A big trend this year was learning analytics. Moodle HQ gave an overview of Project Inspire, the new learning analytics program being run by Moodle. Organisations can sign up to Project Inspire and anonymously share their data with Moodle HQ to help ‘train’ their artificial intelligence platform with real-world learning data and, in particular, to help identify which ‘indicators’ have the most predictive power. In return, these organisations will receive a benchmarking report and will have access to influence the analytics tool as it evolves. The vision is to be able to analyse vast quantities of learning-related data in order to help increase the chances of successful learning outcomes for Moodle learners. Watch out for these features starting to arrive in Moodle 3.3 from May 2017.
LEO Learning were actively engaging the conference on related topics. LEO Learning’s Director of Technology, Sacha van Tienhoven, sat on the Artificial Intelligence panel on Wednesday morning, alongside Blackboard, Solent University and Moodle HQ. The panel discussion replaced the keynote for the day so had the full conference audience in attendance for what turned out to be stimulating and thought provoking discussion about the use of AI in learning, regularly crossing over into the learning analytics subject area too. Twitter was buzzing during this particular session and it was hard keeping track of two conversations at times.
I presented with Sacha later that morning on “Moodle and xAPI: The story so far”. We looked at the adoption of xAPI within the learning technologies sector and within the Moodle ecosystem specifically. The question at hand is where xAPI will head alongside other emerging learning technology standards and how xAPI may be used as we adopt learning analytics frameworks that Moodle needs to plug into. We also touched on how xAPI can be used to move data around a modern learning ecosystem – especially when the ecosystem contains many differing products used for distinct learning tasks. LEO Learning produced a large poster for the event’s poster wall to visualise this point.
Peter Dobinson, Solutions Architect at LEO Learning, presented on ‘Measuring the impact of learning in Moodle’ and provided a seven-point programme to run an analytics-driven measurement program – full of practical tips to get started. Echoing a key message we heard from other analytics presenters, a key point was just to get started with what you have, learn as you go and improve/refine over time.

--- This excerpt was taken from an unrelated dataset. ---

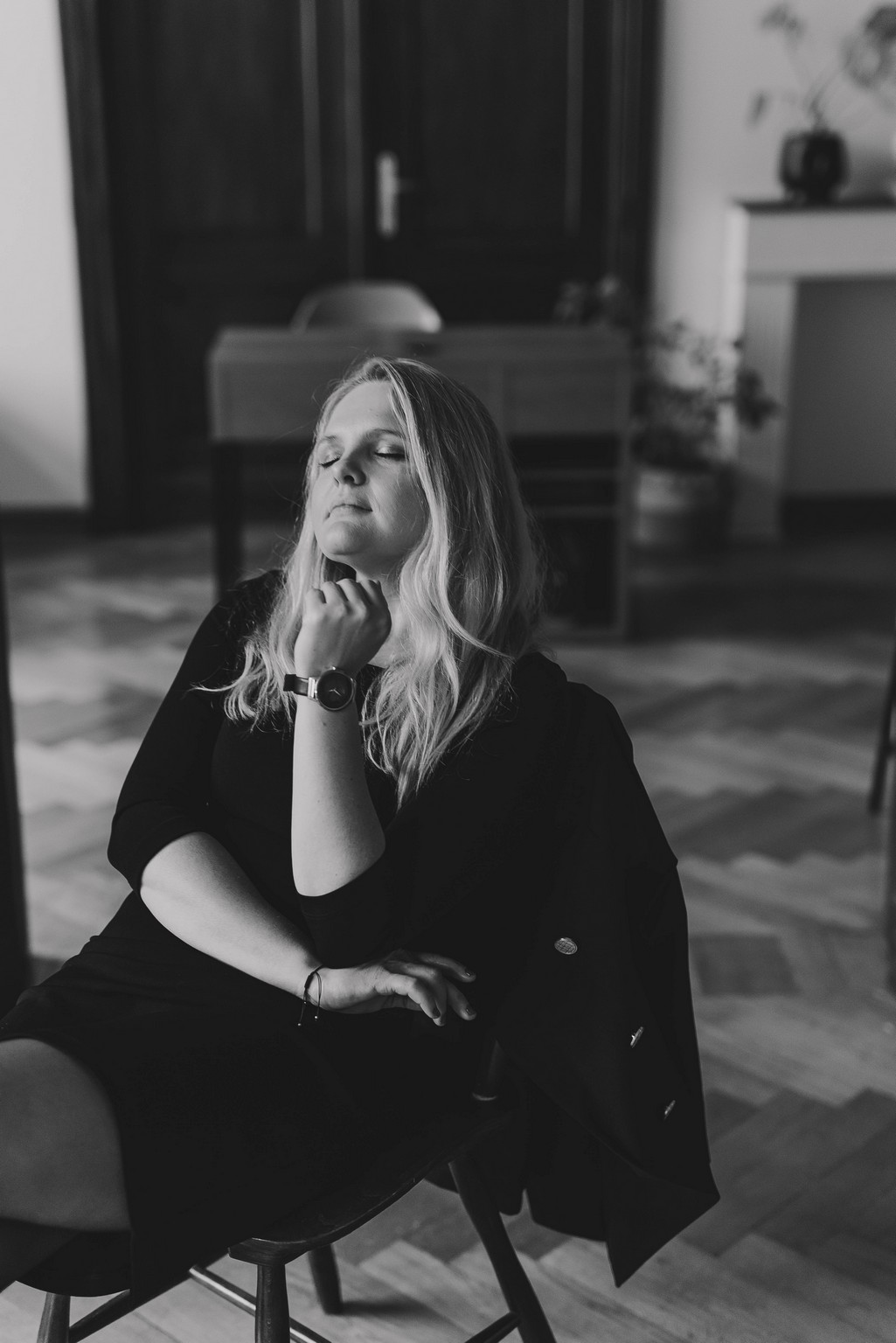 Sesja kobieca z charakterem, fotograf koszalin, jazz, gitara i czarna kawa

On the subject of mobile learning, there were good sessions on using the Moodle mobile app, customising the app with branding and plug-ins, and more. There was also a panel discussion on this subject which Peter was invited to join, again in front of a full-house conference audience and a busy Twitter backchannel, stimulating lots of good discussion about the use of mobiles in education. We heard strong support for mobiles in teaching.

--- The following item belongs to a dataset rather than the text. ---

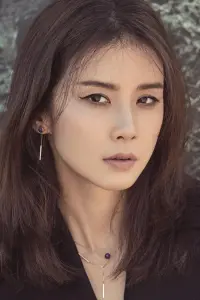 Фото  (Lee Bo-young)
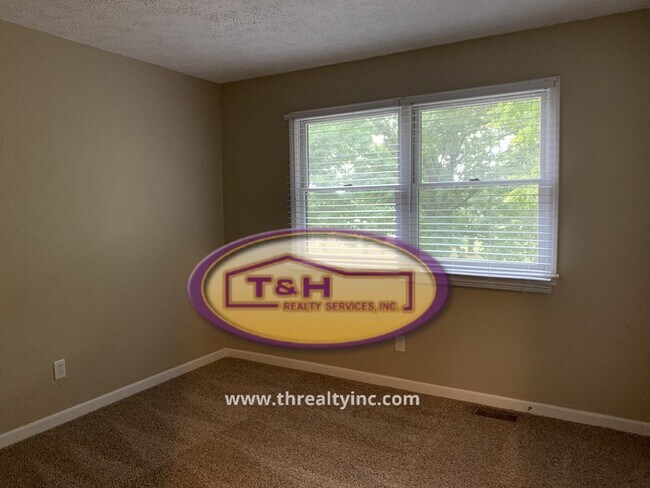 Building Photo - Spacious Home in Perry Township!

The wider conference programme was packed full of useful practitioner sessions and developer sessions. Within the practitioner streams, we saw topics on activity types (Quiz was a very popular topic, as ever), using rich media with Moodle and making content accessible. From the developer sessions, we saw topics like performance, plug-in building, contributing bug fixes and building new themes.

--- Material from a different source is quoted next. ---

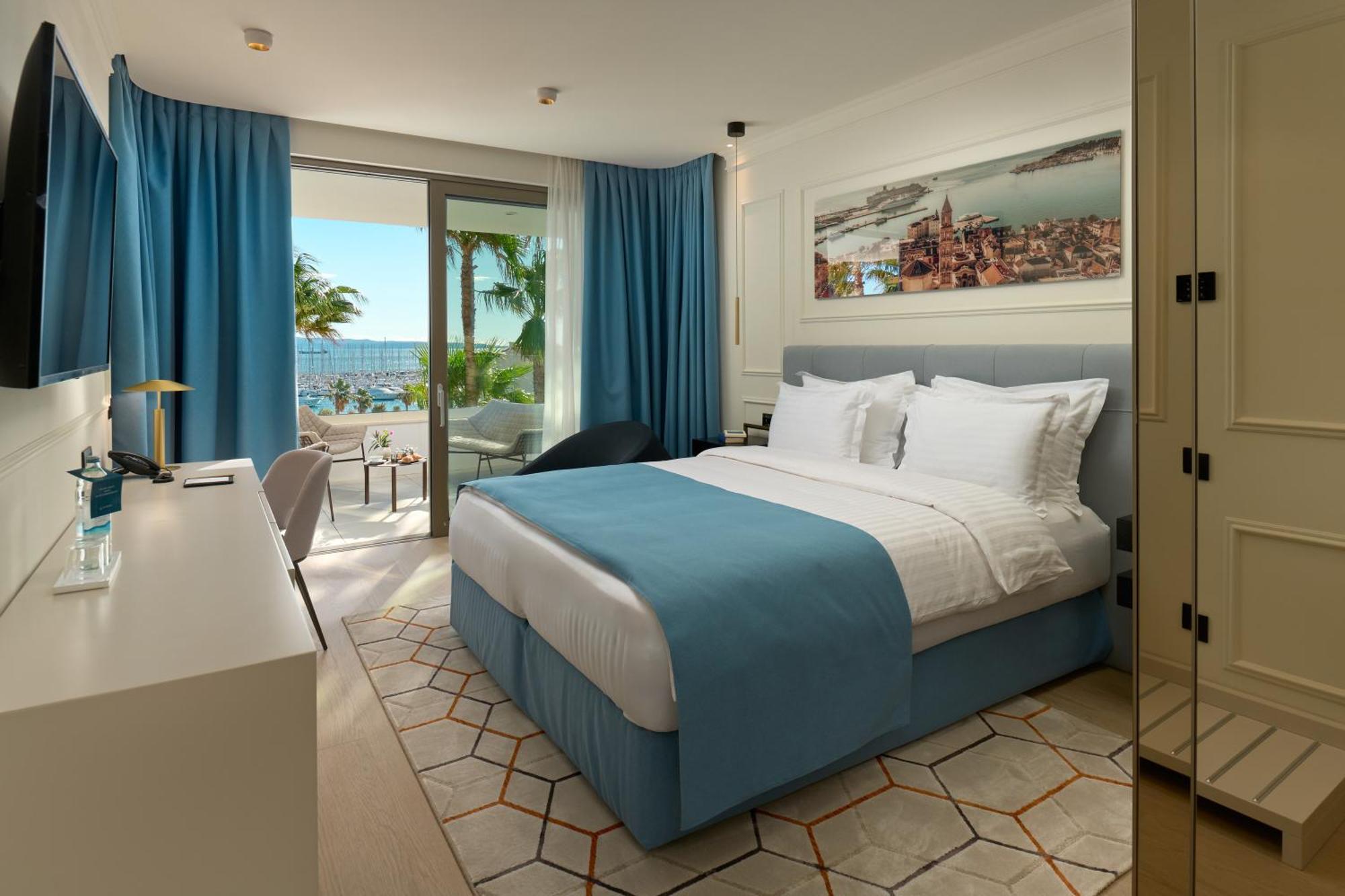 Premium Room with Balcony and Partial Sea View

A popular session format is the pecha kucha (20 timed slides at 20 seconds each) and these were a great success this year with participants obviously practicing well in advance and breezing through their slides with no comedy timing disasters.
MoodleMoot is very much a training and education conference rather than a pushy sales exhibition, so sponsors such as LEO Learning were actively contributing to sessions rather than selling. We quite enjoyed engaging with the conference participants through the various presentations and panel discussions. Although LEO Learning did have a stand in the sponsor area and a sponsor presentation in a side room for those interested in talking to us about our services, the real value at this event was in the networking with other delegates and in educating our own team on what’s going on in the wider Moodle world. We had a handful of key clients at the event and it was great to engage with them too on different ground, away from the hustle and bustle of the projects we usually work on together.